What the exercise asks:
Every record must be transcribed in its entirety, apart from the images, which are to be omitted.
=== Section Start ===
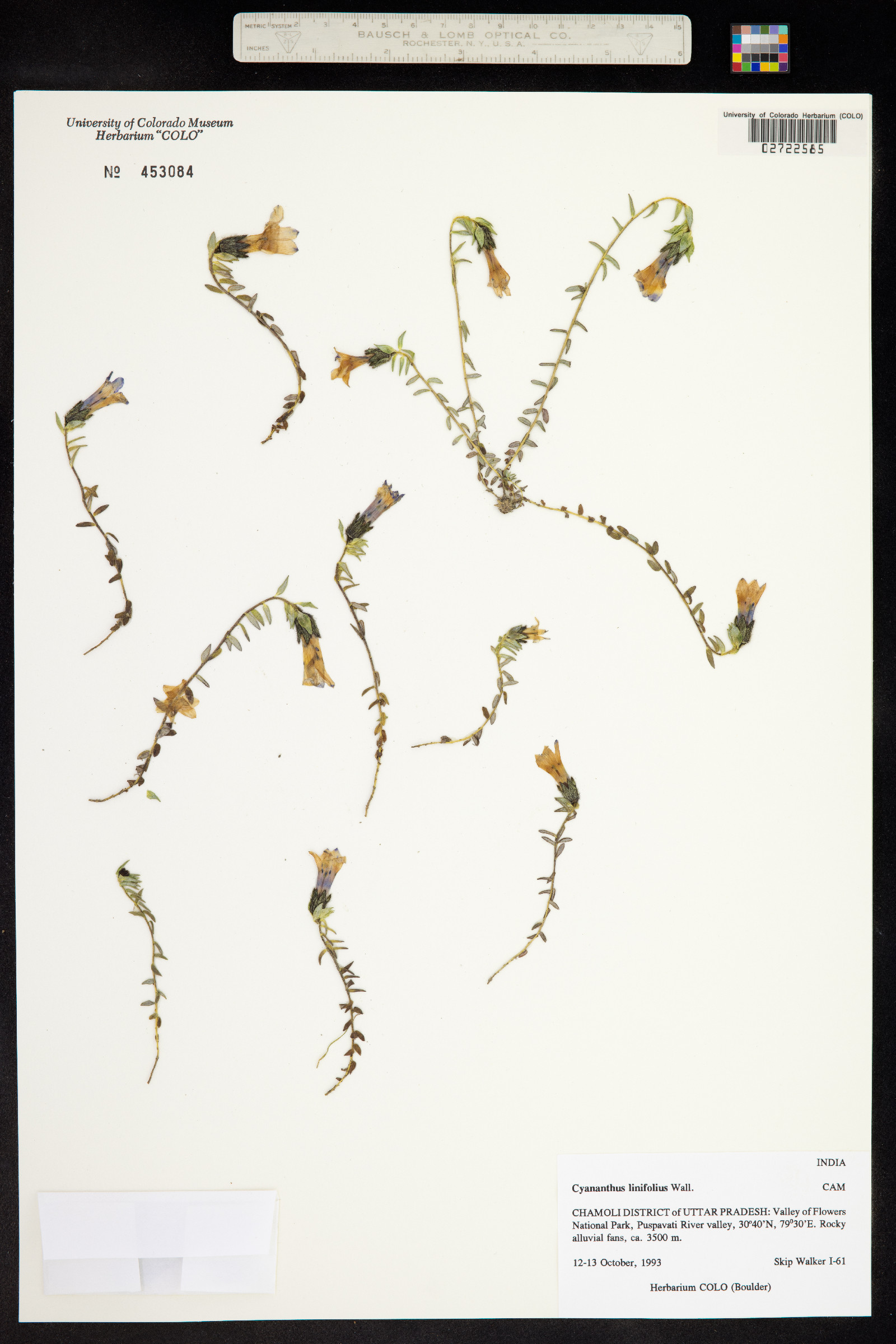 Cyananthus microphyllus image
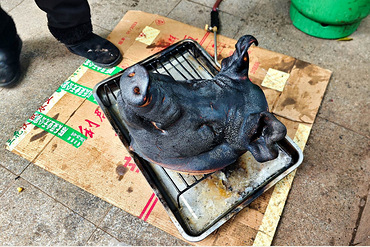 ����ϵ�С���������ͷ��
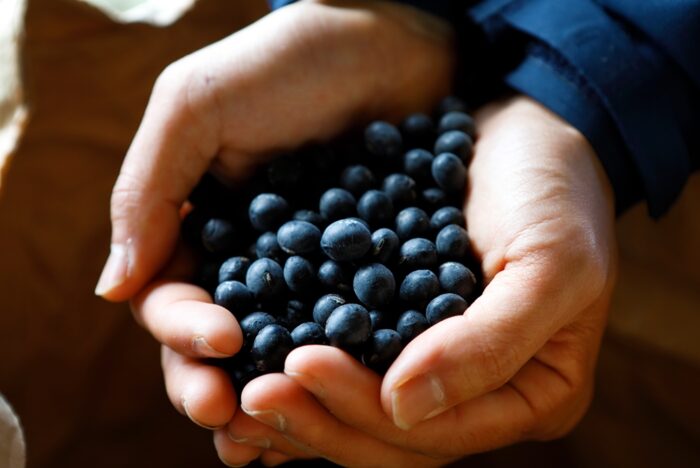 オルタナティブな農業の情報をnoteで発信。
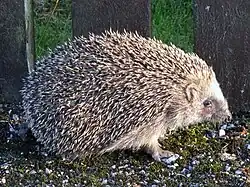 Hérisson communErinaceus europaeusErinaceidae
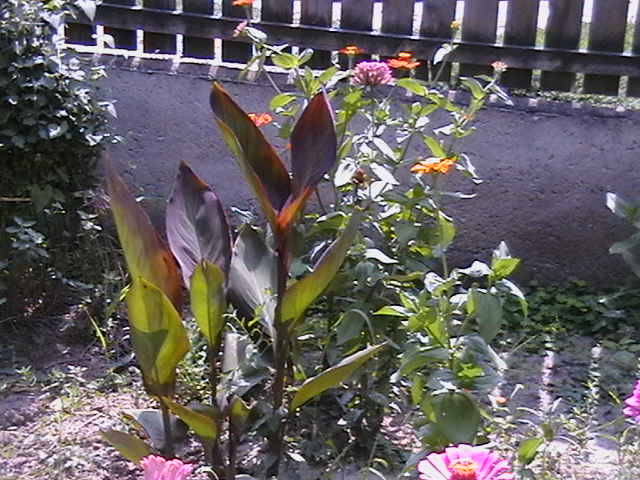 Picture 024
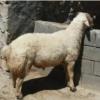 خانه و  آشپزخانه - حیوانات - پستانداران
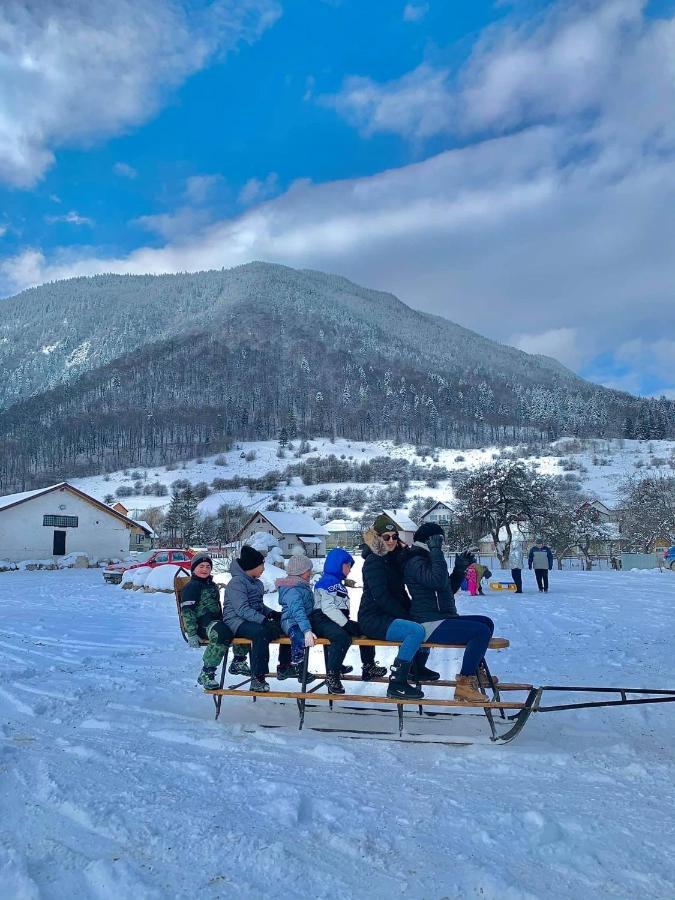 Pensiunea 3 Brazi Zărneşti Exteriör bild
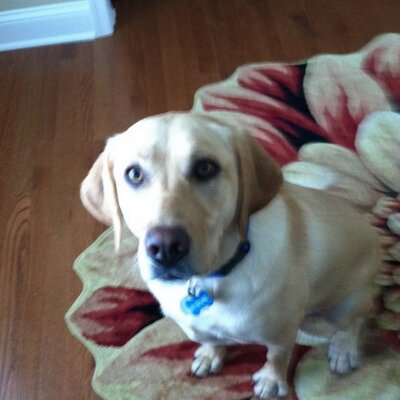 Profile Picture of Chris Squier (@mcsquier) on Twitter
=== Section End ===
Reply to the task:
 Cyananthus microphyllus image
 ����ϵ�С���������ͷ��
 オルタナティブな農業の情報をnoteで発信。
 Hérisson communErinaceus europaeusErinaceidae
 Picture 024
 خانه و  آشپزخانه - حیوانات - پستانداران
 Pensiunea 3 Brazi Zărneşti Exteriör bild
 Profile Picture of Chris Squier (@mcsquier) on Twitter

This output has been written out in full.